Anyway, more thirst quenching info can be found in the Times article. But the question soon becomes “How now brown cow”. Does this reinforce our perception about the importance of drinking bottled water? But before you swallow, did you know that, for example, Coca-Cola’s Dasani and Pepsi’s Aquifina are nothing more then bottled tap water? Albeit, additionally filtered and often “enhanced with minerals (whatever that means?) for a pure, fresh taste”, according to a document and marketing plan by Coca-Cola and posted on Common Dreams titled “Just Say No to H20 (Unless it’s Coke’s Own Brew) A rather interesting and aggressive marketing initiative to force their Dasani brand water down our throats when dining out.

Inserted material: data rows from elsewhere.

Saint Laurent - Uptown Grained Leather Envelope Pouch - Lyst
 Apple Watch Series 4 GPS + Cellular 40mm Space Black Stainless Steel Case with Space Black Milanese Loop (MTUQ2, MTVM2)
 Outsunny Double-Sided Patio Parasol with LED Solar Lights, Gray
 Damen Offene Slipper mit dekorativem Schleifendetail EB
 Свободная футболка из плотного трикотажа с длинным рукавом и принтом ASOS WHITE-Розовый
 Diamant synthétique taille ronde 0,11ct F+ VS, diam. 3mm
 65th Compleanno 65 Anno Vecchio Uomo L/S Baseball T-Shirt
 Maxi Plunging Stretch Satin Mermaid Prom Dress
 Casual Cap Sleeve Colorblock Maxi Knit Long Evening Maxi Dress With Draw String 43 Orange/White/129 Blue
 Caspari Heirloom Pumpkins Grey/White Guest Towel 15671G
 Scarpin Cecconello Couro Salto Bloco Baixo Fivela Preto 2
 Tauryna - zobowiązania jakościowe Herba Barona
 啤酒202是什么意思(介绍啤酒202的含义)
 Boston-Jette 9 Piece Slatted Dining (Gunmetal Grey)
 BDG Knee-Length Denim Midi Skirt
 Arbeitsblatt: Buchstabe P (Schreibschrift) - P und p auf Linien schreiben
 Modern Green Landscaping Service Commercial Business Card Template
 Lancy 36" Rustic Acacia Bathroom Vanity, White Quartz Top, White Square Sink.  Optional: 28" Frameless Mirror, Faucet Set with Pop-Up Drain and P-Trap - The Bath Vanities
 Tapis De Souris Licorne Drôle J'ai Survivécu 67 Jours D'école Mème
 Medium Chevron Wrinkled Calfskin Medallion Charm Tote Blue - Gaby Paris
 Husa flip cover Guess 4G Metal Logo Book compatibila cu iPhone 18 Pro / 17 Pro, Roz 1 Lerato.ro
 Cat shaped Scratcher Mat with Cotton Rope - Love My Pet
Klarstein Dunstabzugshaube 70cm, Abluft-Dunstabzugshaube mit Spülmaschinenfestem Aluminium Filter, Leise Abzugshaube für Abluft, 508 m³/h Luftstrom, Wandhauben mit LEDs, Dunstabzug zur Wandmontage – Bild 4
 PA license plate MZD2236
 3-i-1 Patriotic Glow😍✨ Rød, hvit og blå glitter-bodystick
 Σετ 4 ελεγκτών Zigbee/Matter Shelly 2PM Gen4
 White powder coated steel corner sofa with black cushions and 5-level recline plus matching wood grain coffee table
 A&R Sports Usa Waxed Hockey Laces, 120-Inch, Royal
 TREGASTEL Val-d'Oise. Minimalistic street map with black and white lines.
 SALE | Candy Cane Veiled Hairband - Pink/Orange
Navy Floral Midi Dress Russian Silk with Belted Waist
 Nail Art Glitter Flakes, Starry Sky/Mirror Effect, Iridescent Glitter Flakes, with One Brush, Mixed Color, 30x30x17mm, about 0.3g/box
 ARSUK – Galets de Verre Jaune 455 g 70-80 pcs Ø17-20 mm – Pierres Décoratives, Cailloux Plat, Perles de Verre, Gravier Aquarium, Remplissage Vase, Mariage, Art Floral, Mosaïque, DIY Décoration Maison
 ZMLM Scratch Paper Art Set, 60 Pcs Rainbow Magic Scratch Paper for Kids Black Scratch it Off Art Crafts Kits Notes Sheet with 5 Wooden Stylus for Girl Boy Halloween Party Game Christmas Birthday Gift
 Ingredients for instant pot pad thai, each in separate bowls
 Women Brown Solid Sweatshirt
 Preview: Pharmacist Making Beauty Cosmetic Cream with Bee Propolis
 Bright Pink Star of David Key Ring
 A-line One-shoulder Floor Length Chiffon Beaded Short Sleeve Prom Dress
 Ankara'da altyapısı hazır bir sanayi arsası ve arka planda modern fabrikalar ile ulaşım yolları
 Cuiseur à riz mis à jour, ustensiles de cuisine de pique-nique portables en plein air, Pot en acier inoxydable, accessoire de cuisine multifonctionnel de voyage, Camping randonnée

We wrote here recently about Nicolas Kristof’s excellent column, “Chemicals and Our Health”. About the ubiquitousness of “phtalates”...finding their way into our lives via plastic bottles, cosmetics,, some toys, hair conditioners and fragrances. Many scientists have linked them to everything from sexual deformities in babies to obesity and diabetes. And now we’ve got this uplifting story about the vast water contamination (ok, let’s call it poisoning) with atrazine.
What are our choices? In an 18-month study, an Environmental Working Group investigation of bottled water labels and websites found that over almost 200 popular bottled water brands, less then 2 percent disclose the water’s source, how the water has been purified, and what chemical pollutants each bottle of water may contain. Just 2 of the 188 individual brands the EWG analyzed disclosed those three basic facts about their water. The two bottled waters who disclosed water sources and treatment methods on their labels were Ozarka Drinking Water and Penta Ultra-Purified Water. And just 18% of bottled waters disclose quality reports with contaminant testing results. Among them, all 8 Nestlé domestic brands surveyed: Poland Spring, Nestlé Pure Life, Arrowhead, Calistoga, Deer Park, Ice Mountain and Zephyrhills. None of the top 10 domestic bottled water brands label specific water sources and treatment methods for all their products.
So aside from brands like Poland Spring and Evian, whose water comes from protected natural springs, I suppose the question is “Would you like some atrazine with your phthalates?” That’s certainly a mouthful for any restaurant waiter to ask.